In [None]:
from google.colab import userdata
from huggingface_hub import login

hf_token = userdata.get('HF_TOKEN')
login(token = hf_token)

In [None]:
!pip install loguru
!pip install datasets



In [None]:
import gc
import json
import ctypes
import psutil
import pandas as pd
from loguru import logger
from tabulate import tabulate
from datasets import load_dataset, DatasetDict

pd.set_option('display.float_format', lambda x: '%.3f' % x)

In [None]:
def print_mem_stats():
    stats = psutil.virtual_memory()
    free_gb = stats.free / 1e9
    print(f"Your runtime has {free_gb:.1f} gigabytes of free RAM")
    used_gb = stats.used / 1e9
    print(f"Your runtime has {used_gb:.1f} gigabytes of used RAM")
    avlb_gb = stats.available / 1e9
    print(f"Your runtime has {avlb_gb:.1f} gigabytes of available RAM")
    ram_gb = stats.total / 1e9
    print(f"Your runtime has {ram_gb:.1f} gigabytes of total RAM")
    print(f"Your runtime has {stats.percent:.1f}% usage of RAM")

In [None]:
def grab_dataset(
    *,
    dataset_name: str,
    return_small: bool = False,
    small_rows_num: int | None = None
):
    dataset_full = load_dataset(dataset_name)

    if isinstance(dataset_full, DatasetDict):
        dataset_full = dataset_full['train']

    if small_rows_num is not None and return_small:
        dataset = dataset_full.select(range(small_rows_num))
    else:
        dataset = dataset_full

    return dataset

In [None]:
class Ent:
    def __init__(self, text: str, label: str):
        self.text = text
        self.label = label

    def __hash__(self):
        return hash(self.text)
        # return hash((self.text, self.label))

    def __eq__(self, other):
        return self.text == other.text
        # return self.text == other.text and self.label == other.label

Precision-source,
defined as, precs = N (h ∩ s)/N (h) is a metric that is used to determine the intensity of
hallucination in relation to the source.

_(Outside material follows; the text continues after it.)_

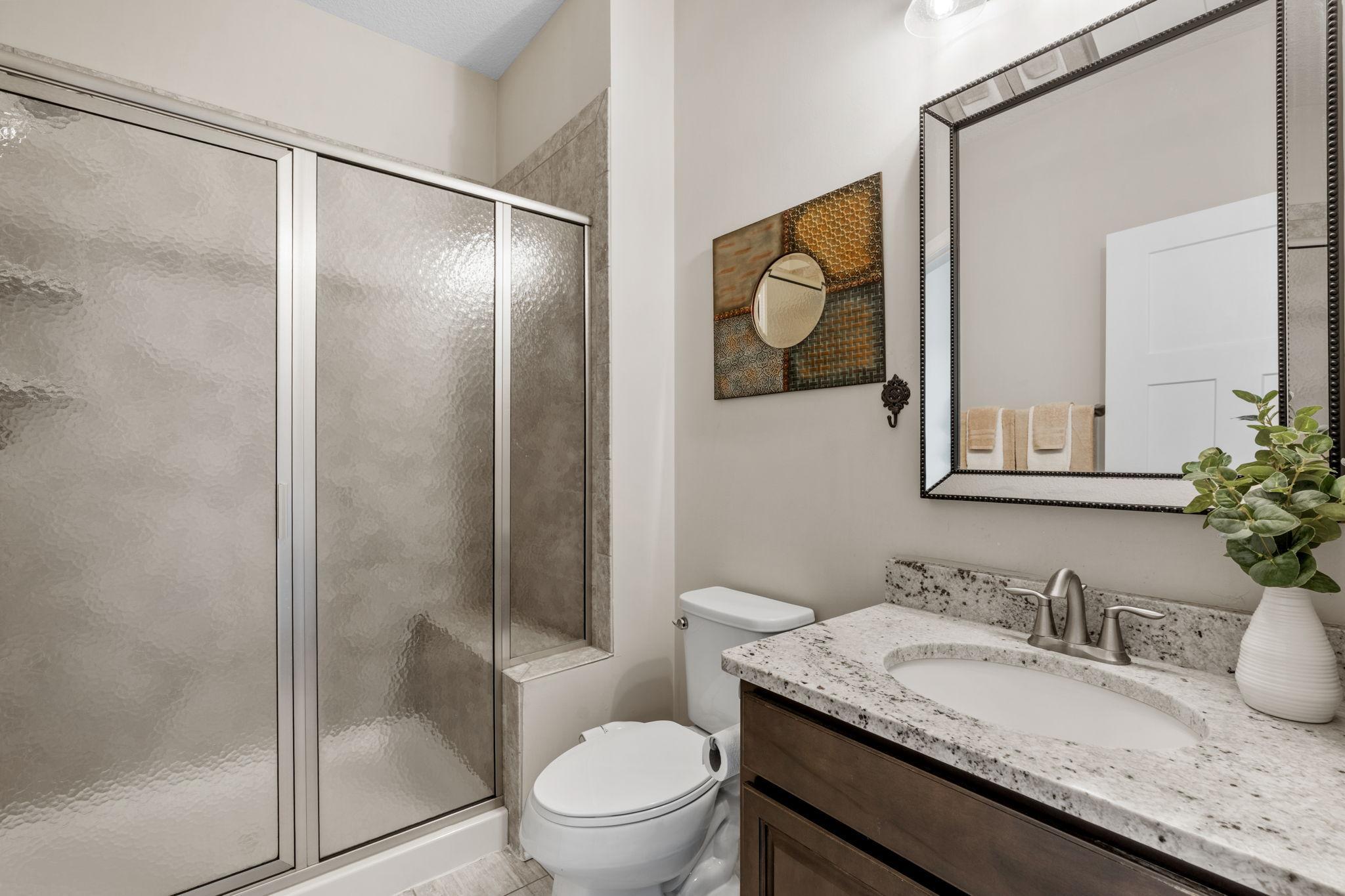 A beautifully updated upper-level bathroom, complete with a crisp granite-topped vanity, rich dark cabinetry, and a textured privacy-glass shower enclosure.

Note that precs represents the percentage of entities
mentioned in the generated summary that can be retrieved from the source. Low precs indicates that hallucination is possibly present in the generated text. However, precs does not
capture the computed summary’s entity-level correctness in relation to the ground-truth summary. Entity-level accuracy of the generated summary is calculated using the precision-target
as prect = N (h ∩ t)/N (h); the recall-target as recallt = N (h ∩ t)/N (t); and F1 score as
F1t =
2∗(recallt∗prect)
recallt+prect
. Here, N (h ∩ t) represents the number of matched named-entities in
the generated summary and the ground truth summary.

In [None]:
def calculate_metrices(row, idx):
    source = json.loads(row['AbstractEntities'])
    target = json.loads(row["HighlightEntities"])
    hypothesis = json.loads(row["GeneratedHighlightEntities"])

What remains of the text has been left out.